Transcribe exactly the line that contains "With recent performances" and all lines following it to the end of the material below; omit everything else.

☆ ☆ ☆ ☆ ☆

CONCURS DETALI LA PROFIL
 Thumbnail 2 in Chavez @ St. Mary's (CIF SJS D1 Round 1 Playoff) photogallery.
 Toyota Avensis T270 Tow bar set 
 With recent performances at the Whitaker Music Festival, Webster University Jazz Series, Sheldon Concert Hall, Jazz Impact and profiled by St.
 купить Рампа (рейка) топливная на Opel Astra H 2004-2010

☆ ☆ ☆ ☆ ☆

RESPONSE TO THE EXERCISE —
 With recent performances at the Whitaker Music Festival, Webster University Jazz Series, Sheldon Concert Hall, Jazz Impact and profiled by St.
 купить Рампа (рейка) топливная на Opel Astra H 2004-2010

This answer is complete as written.